One reason why homeownership rates have been slow to recover is that a broad swath of homeowners from the early 2000s survived the Great Recession, but with lasting wounds to their credit from combinations of foreclosures, bankruptcies, and extended unemployment or underemployment.

“It’s made it very difficult for people to get back on that path,” said Cathie Mahon, president/CEO of Inclusiv, which was renamed last year from the National Federation of Community Development Credit Unions.

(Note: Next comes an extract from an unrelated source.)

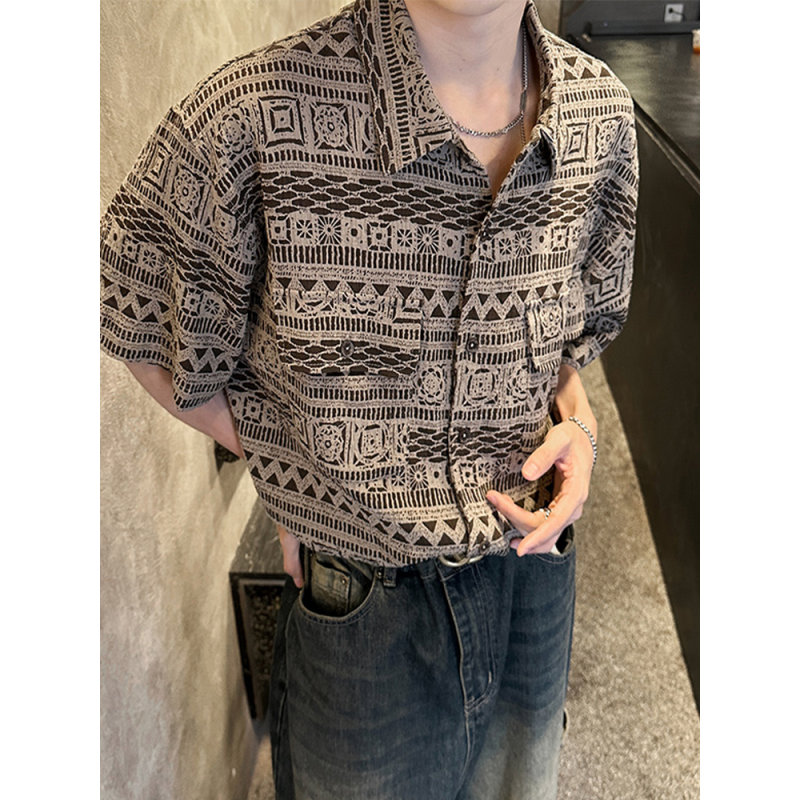 Vintage古巴领复古短袖衬衫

“The black community lost tremendous wealth because of the foreclosure crisis,” Karen Hoskins, acting vice president for national homeownership programs and lending at NeighborWorks America, said. “Whole families struggled through that process, and saw their friends and families lose their homes to foreclosure. In the wake of that, there’s been a loss in confidence in homeownership because they saw these awful things happening to their friends and family.”

Some credit unions have offered new mortgages that are more flexible than conforming loans and make it easier for people to buy their first home or return to homeownership.

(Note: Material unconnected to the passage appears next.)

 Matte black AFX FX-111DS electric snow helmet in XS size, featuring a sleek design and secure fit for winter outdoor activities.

While some of these loans might be to subprime borrowers, subprime lending does not equal predatory lending, Mahon said. Moreover, the longtime mission of credit unions has been to help those who banks will not, and that will always include people who are poor and have damaged credit.

African Americans’ disparities in income and wealth have been deep and persistent – in many cases deeper and longer than those for other minorities.

Data published by Filene Research Institute in its August 2018 report, “Reaching Minority Households Incubator,” showed:

Adam Lee, incubator director for the credit union non-profit think tank in Madison, Wis., said the statistics also showed credit unions have an opportunity to build the movement by deepening their commitment to serving minorities.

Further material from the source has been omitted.